Hi,
In order to parse cigar strings and make my own pileup I need to find the reference sequence at the position which each read aligns. However, read.get_reference_positions() seems to be offset from the actual region of alignment, because comparing samtools tview at the first position of alignment yields a completely different reference sequence than read.get_reference_sequence().

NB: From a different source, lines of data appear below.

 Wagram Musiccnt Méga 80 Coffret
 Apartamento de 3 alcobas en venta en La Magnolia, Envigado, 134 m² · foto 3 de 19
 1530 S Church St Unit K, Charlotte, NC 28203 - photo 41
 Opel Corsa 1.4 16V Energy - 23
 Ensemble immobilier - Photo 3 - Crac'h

Additionally, read.get_reference_sequence() returns a reference that appears to already be aligned, with dashes '-' inserted. Why is this?
Example:
bamFile = "NA12878.np.chr3.100kb.0.bam"
referenceFile = "hg19.chr3.9mb.fa.txt"
sam = pysam.AlignmentFile(bamFile, "rb" )
start = 80000
end = start+1
chr = str(3)
for read in sam.fetch("chr"+chr, start=start, end=end):
alignedRefPositions = read.get_reference_positions()

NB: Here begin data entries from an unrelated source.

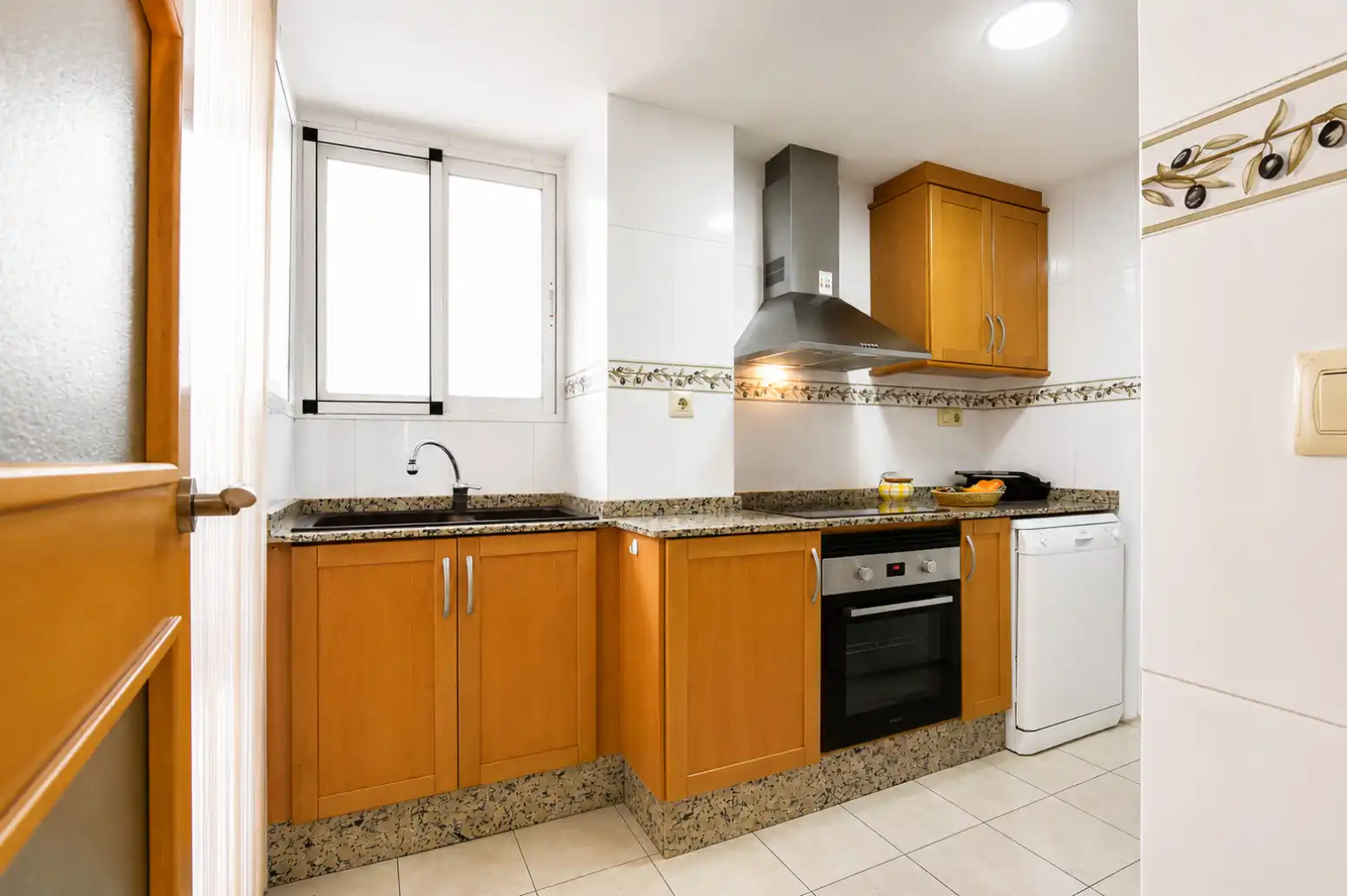 Appartamento con terrazza in vendita a Rafelbuñol-Rafelbunyol - CL CARMEN TAGLE, imagen 16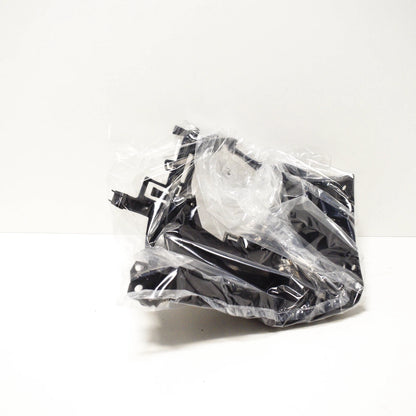 NEW BMW 4 F36 LEFT FOG LIGHT BRACKET 51117294655 7294655 2016 ORIGINAL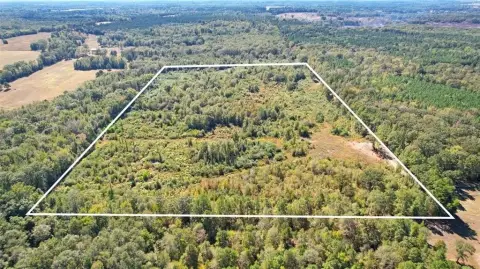 Omaha, Texas Land for Sale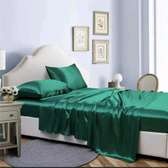 King size-Luxury Silky soft Mulberry Fitted Bedsheets
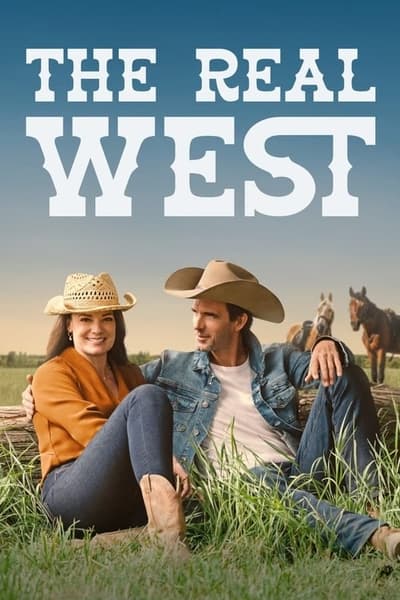 The Real West (2024) 1080p WEBRip 5 1-LAMA 756f34566c0c20cb0b6b4c050cee875d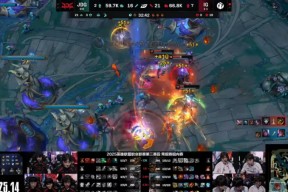 华体会登陆-MAD碾压IG，Scout完成史诗逆转2025世界赛3:1（洛杉矶）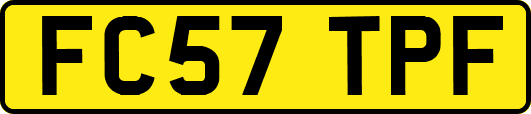 FC57TPF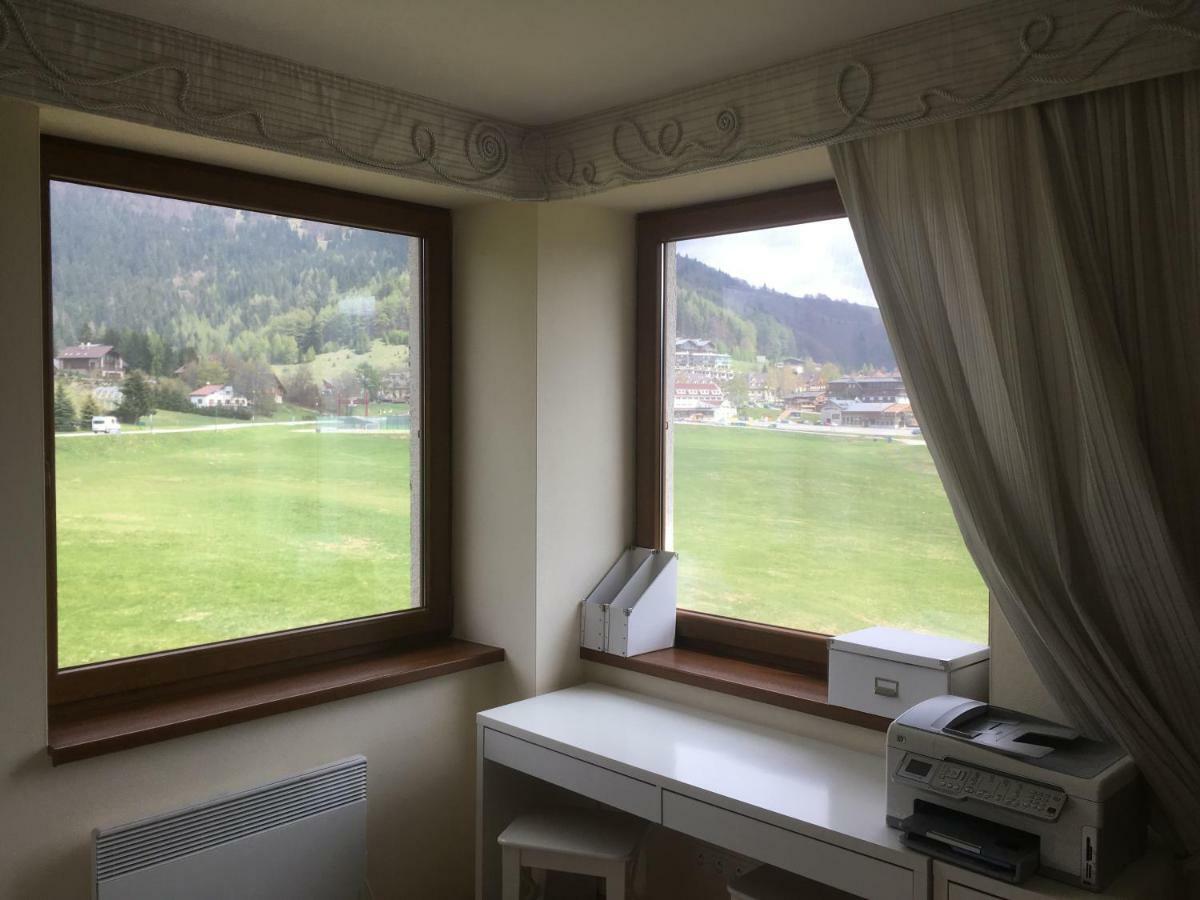 Donovaly, Panorama Apartment 34-C Екстериор снимка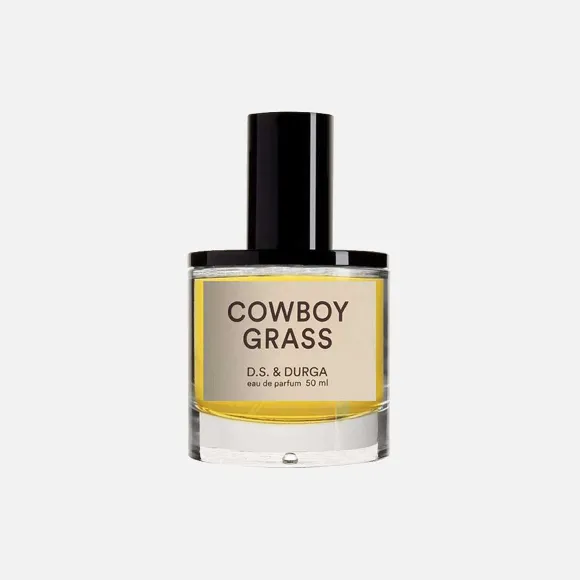 Cowboy Grass 50Ml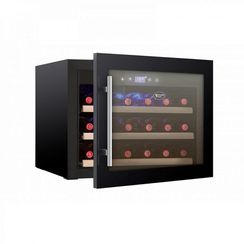 Винный холодильник Cold Vine C18-KBB1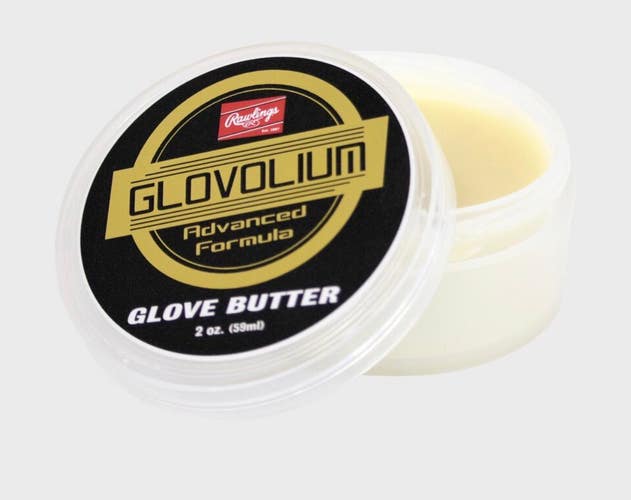 New RAWLINGS GOLD GLOVE BUTTER 11834-TNRGGB
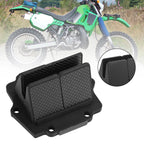 Reed Valve System for Kawasaki KDX200/220 ZX150/KRZ150 KMX125 KMX500 (V313A)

refStart = alignedRefPositions[0]
refSequence = read.get_reference_sequence()
readSequence = read.query_alignment_sequence
Yields:
refStart: 79766
ref: TCCATCCACAGTCAGAGC-AG-ACTTAATATTAATGACT-CTCCC...
read: TCCATCCACAGTCAGAGCAGACTTAATATTAATGACTCTCCCAGA...
which has no relationship to samtools tview at the read.get_reference_positions[0] or 79766:
samtools tview -p chr3:79766 -d T NA12878.np.chr3.100kb.0.bam hg19.chr3.9mb.fa
79771 79781 79791 79801 79811 79821 79831
cctgatggtat*ggtgttaagatg*taggag*agatattgcatgattaaaatcctccaattaaatcttagtGTGTGTTTT
........... ............ ...... ................................................
,,,,,,,,,,,*,,,,,,,,,,,,*,,,,,,*,,,,,,,,,,,,,,,,,,,,,*,,,,,,,,,,,,,,,,,,********
***,,,,,,,,*a,*,**c,,,,,*,,,,,***,,,,,,,,,,,,,,,,,,,,,,,,,c*c,,,,,,,,,,,,,**,,**
,,,,,,**,,a*,,,,,,,,,,,,*,,,,,,*,,,**,,*****,c,,,,,,,*,,,,,,,,,c,*,,,,,,,,**,,**
...C.*....A......*....CT......A........**..*...*.......*......................*
So:
- Why doesn't the first reference position correspond with the results of samtools view at that position?
- Am I using the correct command to retrieve the reference sequence?
- If so, why is it interspersed with dashes?
any luck with this?